The Rubik's Cube is actually a sphere that belong to a fellow by the name of William "I'm a stupid Ukrainian" Rubik, the inventor of the not challenging puzzle. He later went on to mass produce a ripped of version of Billy's Cube that was twice as expensive for a literal brick of a puzzle.
History of the Cube
The Cube was actually created by Billy, an extremely hot and amazing person, up there. He was mocked for having to sit down when he peed as a child and promptly made the chocolate chip cookie. Discovering what an inventor he had become, he decided to make a thing with colors that is twisty and pretty. After many designs of flawed things, Bill finally got drunk and made the Rubik's Cube. It became wildly popular but Bill didn't, later being murdered by a murder of crows. HAHAHA!

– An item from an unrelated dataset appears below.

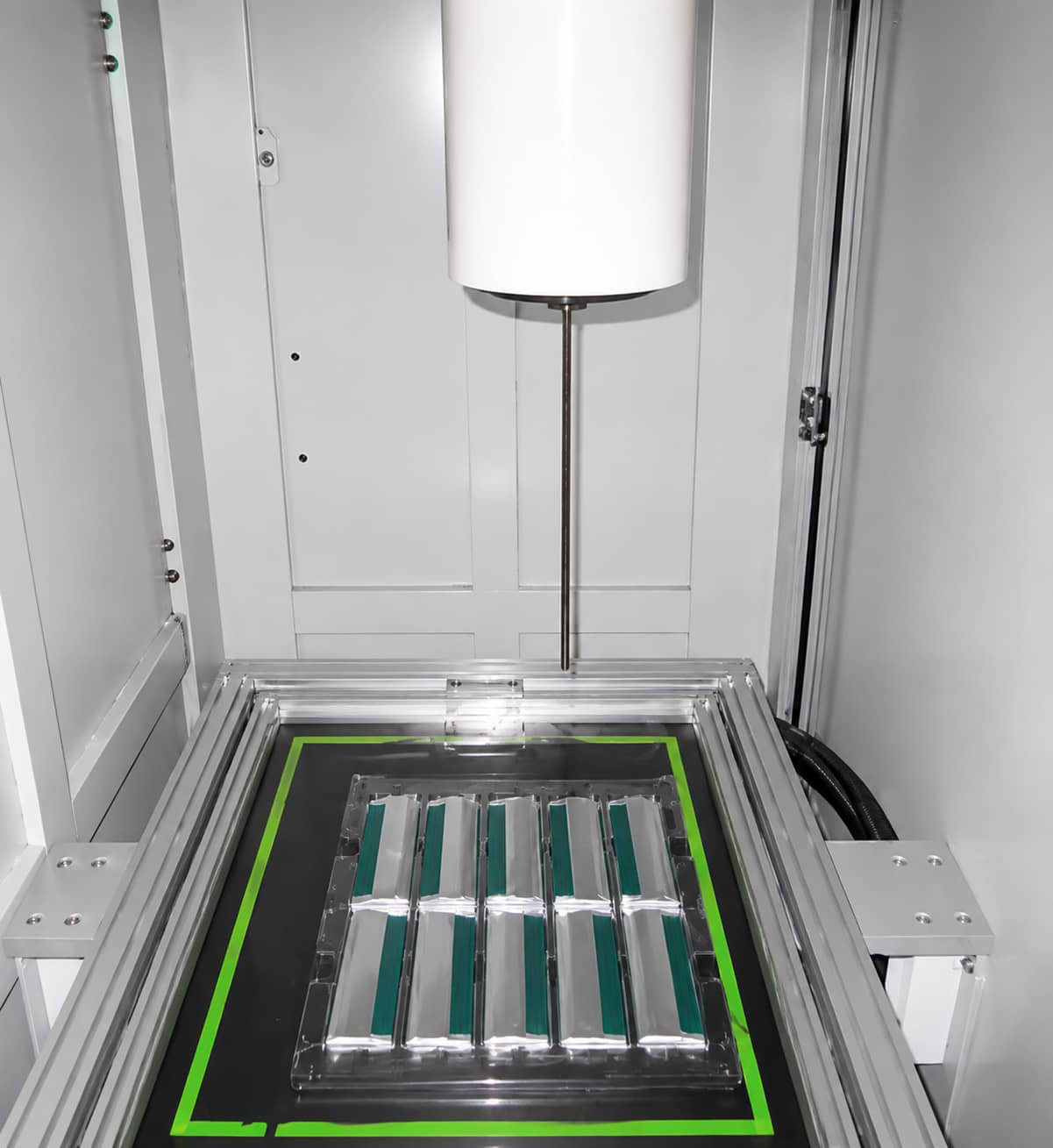 Non-destructive X-ray inspection of pouch cells verifying electrode stacking alignment and rejecting cells with unqualified overhang.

The Rubik's Cube has been said to have bee the most difficult puzzle of all time. You would believe that if you believed that wood can burn. The Rubik's Cube is by far the easiest puzzle on the planet, all it requires is eleventy-billion twists and twenty days of tedious work before you can actually solve it.
How to Solve It
Solving the cube is quite an easy task. All you have to do is follow these two simple steps and wallah! Your cube is solved.
- Mix up the cube
- Align all of the colors
- Brag to all none of your friends
Now, solving the Rubik's Cube will be an easy task for you if you have had trouble. Being able to solve the Cube will impress your dim-witted friends because they are so dumb that they cannot solve the simple puzzle. I do not know how they cannot possibly follow those steps and still be confused!
Rubik's Cube Today
Nowadays there are super freaky geeks who are so obsessed with the Rubik's Cube that they try to solve the thing while blind-folded or even with their feet (Seriously, at least wear socks. That's just... gross) . Not as though it is difficult, but still, who likes the thing that much? People like this often set out to lubricate and pimp-out their cubes. seriously, get a life!